What to produce: Retype every line from the one containing "Exercises & Math Problems: Matrices" through the last line of the records below, both included; leave out the pictures.

*** Opening Information ***

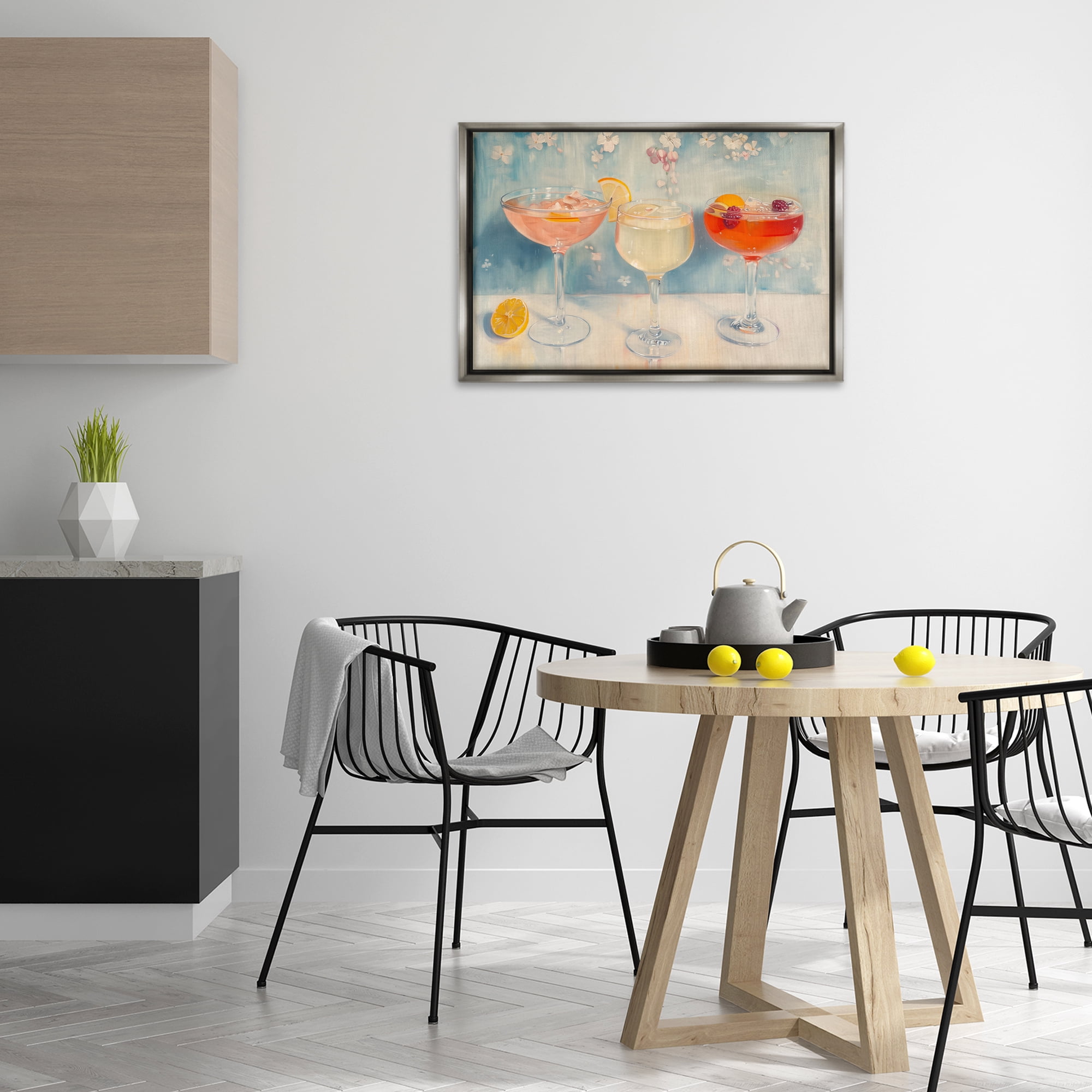 Stupell Industries Fun Fruity Cocktails Food & Beverage Painting Gray Floater Framed Canvas Art Print Wall Art, 31 x 21
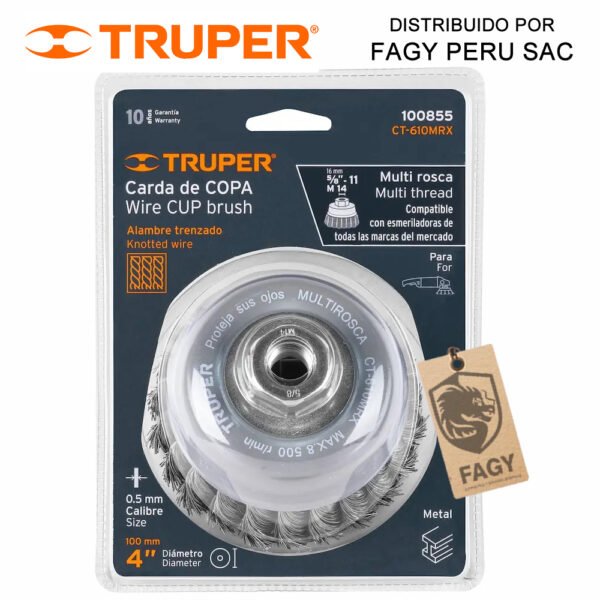 Escobilla tipo copa 4″ Truper 100855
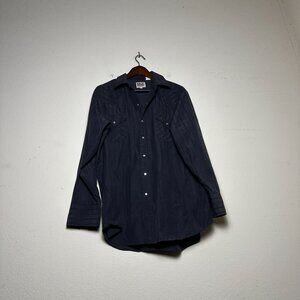 VTG Ely Cattleman 90s Button Up Dress Shirt Men 17 Black Western Cowboy Punk Y2K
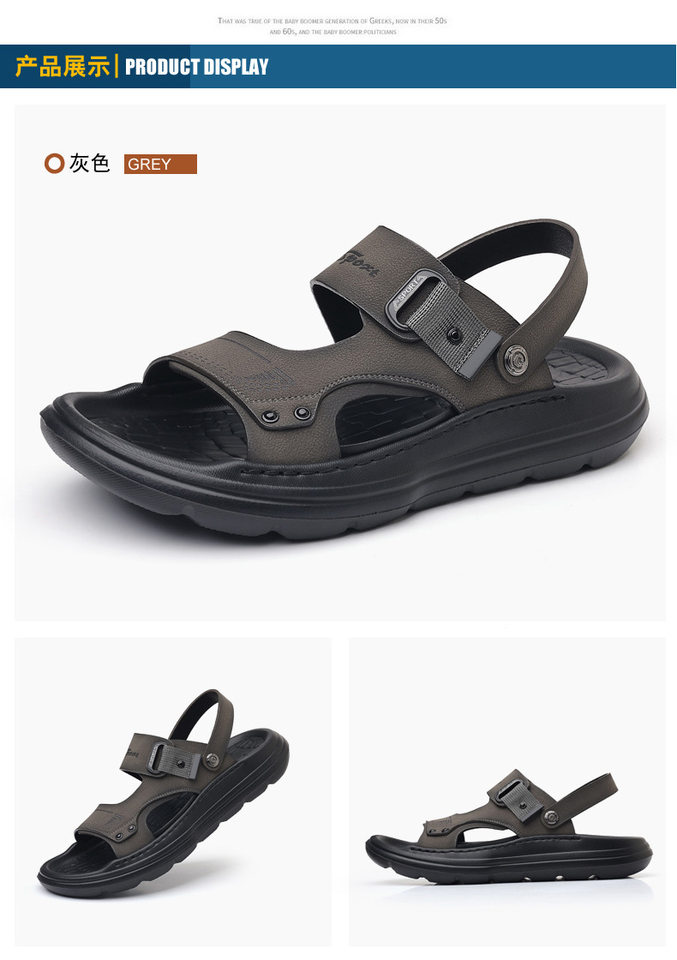 Dép sandal nam da thật đế xốp nhẹ thủ công, gót 3,5 cm, thoáng khí chống trượt — màu vàng chi tiết 20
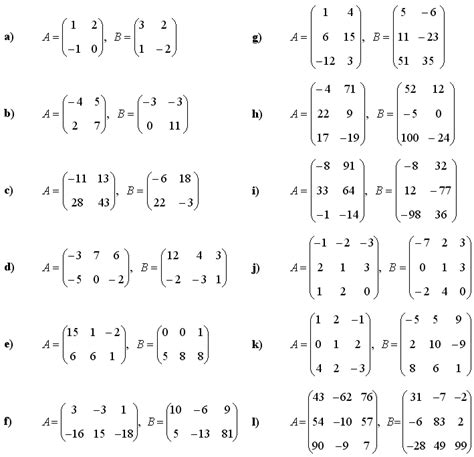 Math Exercises & Math Problems: Matrices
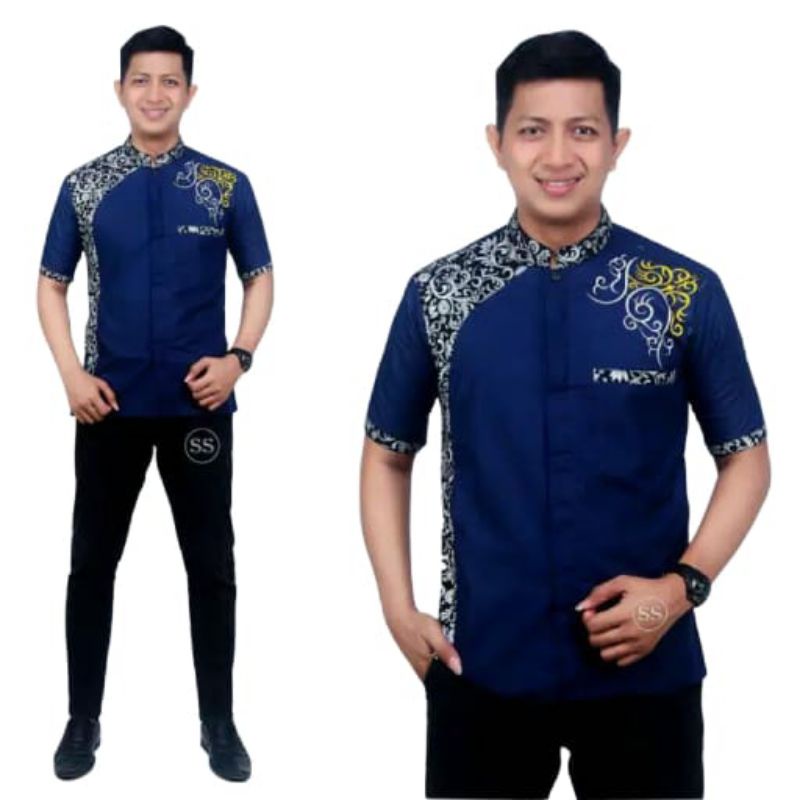 Kemeja kombinasi batik lengan pendek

*** Closing Information ***

Exercise output:
 Math Exercises & Math Problems: Matrices
 Kemeja kombinasi batik lengan pendek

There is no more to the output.